Why does ChatGPT recommend competitors but not us?

ChatGPT recommends competitors because they have stronger signal coverage in the places it actually reads. The three usual suspects: a training-data gap (you weren't dense enough in the corpus when the model was trained), missing entity signals (no Wikipedia, sparse Reddit, no consistent category framing), or weak category positioning (you compete on a phrase nobody actually uses). Each has a different fix.

The three usual reasons, in order of likelihood

1. Training-data gap

This is the most common cause for SaaS under 3 years old. The model was trained before you had Wikipedia coverage, before your G2 review count crossed the density threshold, before Reddit had multiple unprompted threads about you. To the model, you basically don't exist for that prompt.
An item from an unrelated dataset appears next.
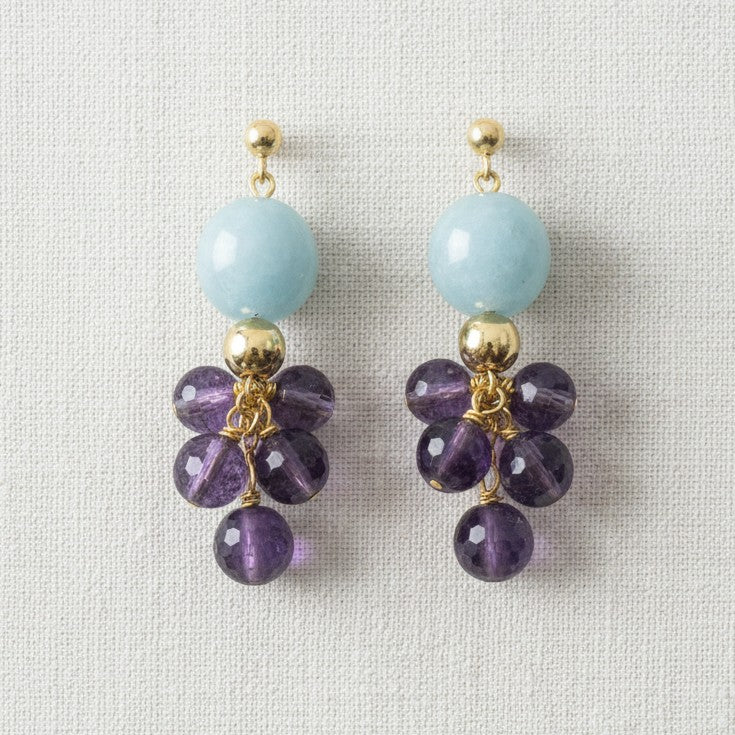 Vergoldete Edelstein-Ohrringe mit Aquamarin und Amethyst-Trauben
Diagnostic question: when ChatGPT says "I'm not familiar with [your product]" or describes you incorrectly, you have a training-data gap. When it just doesn't surface you despite knowing what you do, the issue is one of the other two.

Symptoms:

Fix: this is a long game. Get to 100+ G2/Capterra reviews. Earn organic Reddit discussion (don't astroturf - the engines are getting better at filtering). Get cited in independent SaaS blogs and comparison content. Once you cross notability thresholds, pursue a Wikipedia article. None of this moves the needle in a week. Expect 3-6 months minimum before re-training cycles or real-time retrieval start picking you up consistently.

2. Missing entity signals

Sometimes the model knows you but cannot place you in a category. "Linear" could be a project management tool, a math concept, or a startup name. "Notion" could be the docs tool or a generic word. Without strong entity disambiguation signals, the model defaults to the more famous interpretation.
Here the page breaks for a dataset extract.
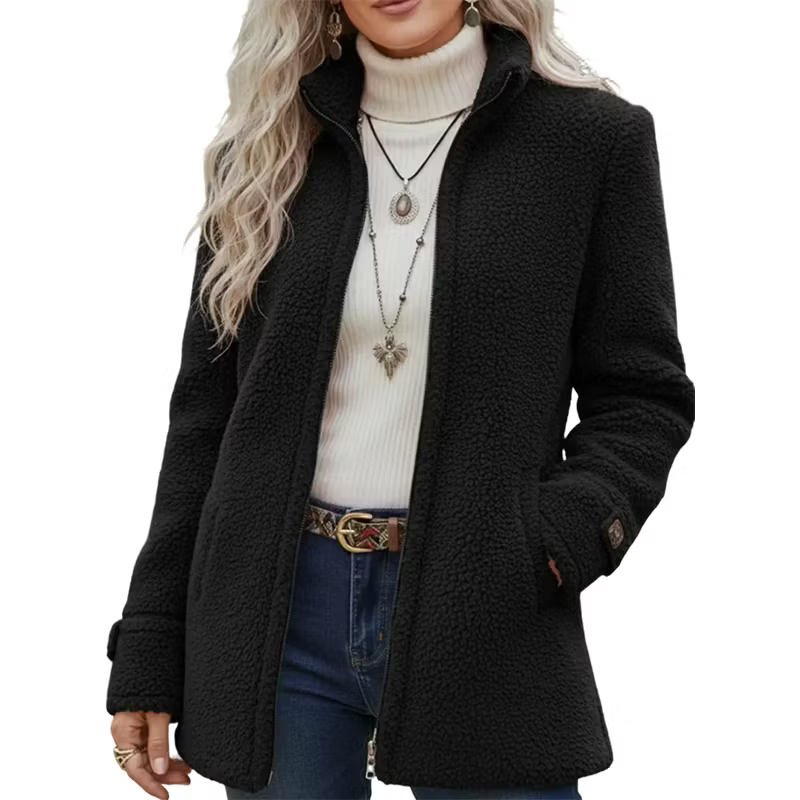 Lana - Textured Zip Front Mid Length Jacket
This shows up most for SaaS with generic-word names (Notion, Stripe, Square, Mux, Cron, Beam). The fix is to push consistent entity framing everywhere: "Linear, the issue tracker for software teams" rather than just "Linear". Your homepage, G2 listing, Wikipedia (when you have one), Crunchbase, and ProductHunt should all use the same one-line description.

Symptoms:

Fix: pick one canonical one-liner. Push it to every entity property you control (homepage hero, About page, Crunchbase, ProductHunt, G2 description, Capterra summary, LinkedIn company page, Twitter bio, Wikipedia draft). Consistency over cleverness. "Pipedrive is a sales-focused CRM for small teams" beats five different positioning statements.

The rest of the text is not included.